Short text fragments from websites
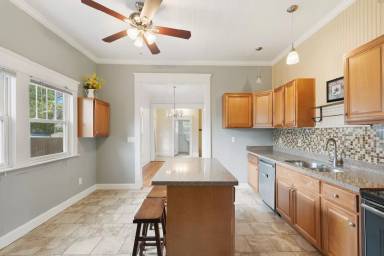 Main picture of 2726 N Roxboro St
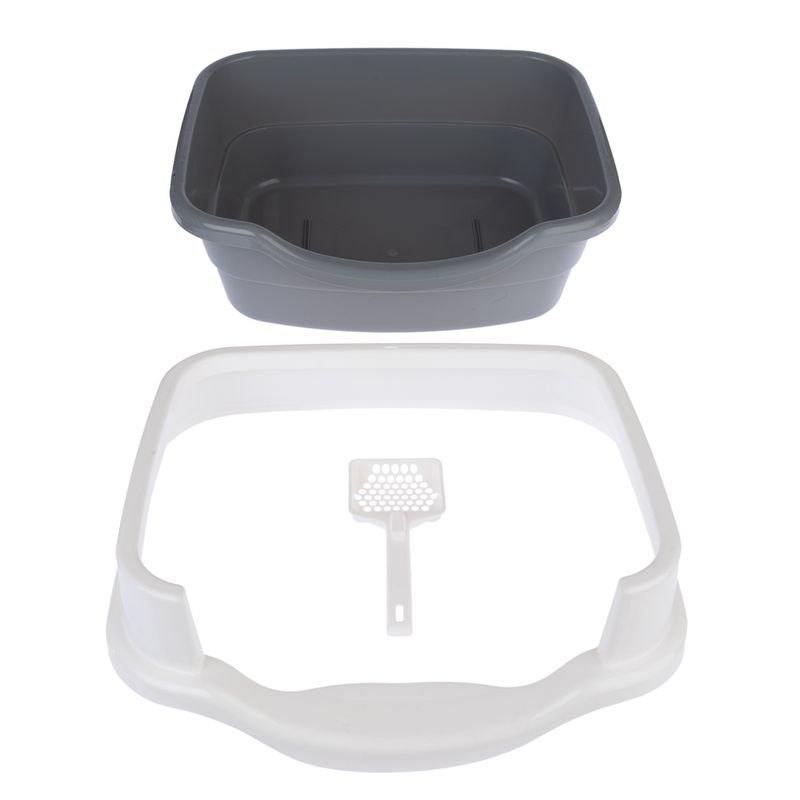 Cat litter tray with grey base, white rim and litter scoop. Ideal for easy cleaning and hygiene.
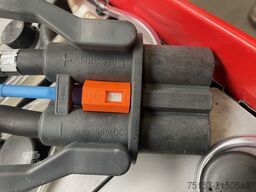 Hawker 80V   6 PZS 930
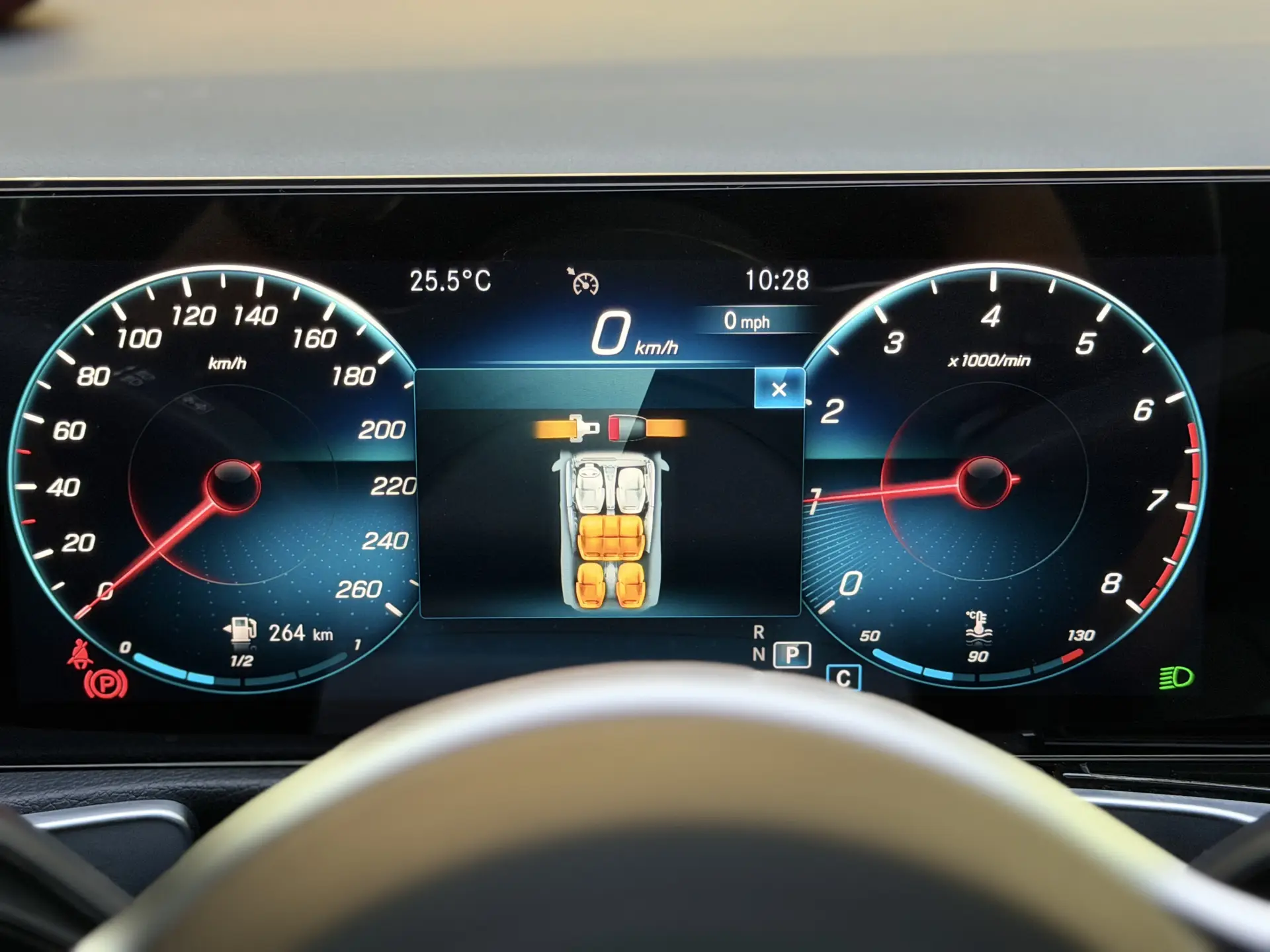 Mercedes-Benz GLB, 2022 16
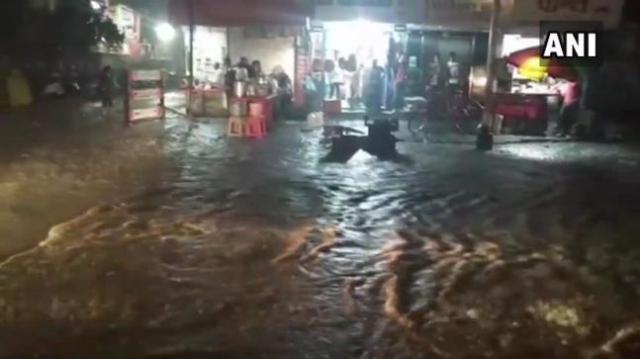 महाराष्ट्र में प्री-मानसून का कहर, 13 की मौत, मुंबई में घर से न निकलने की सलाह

▶ Exercise description
After removing each picture, print the entries above exactly as they were.

▶ Solution to this problem
 Main picture of 2726 N Roxboro St
 Cat litter tray with grey base, white rim and litter scoop. Ideal for easy cleaning and hygiene.
 Hawker 80V   6 PZS 930
 Mercedes-Benz GLB, 2022 16
 महाराष्ट्र में प्री-मानसून का कहर, 13 की मौत, मुंबई में घर से न निकलने की सलाह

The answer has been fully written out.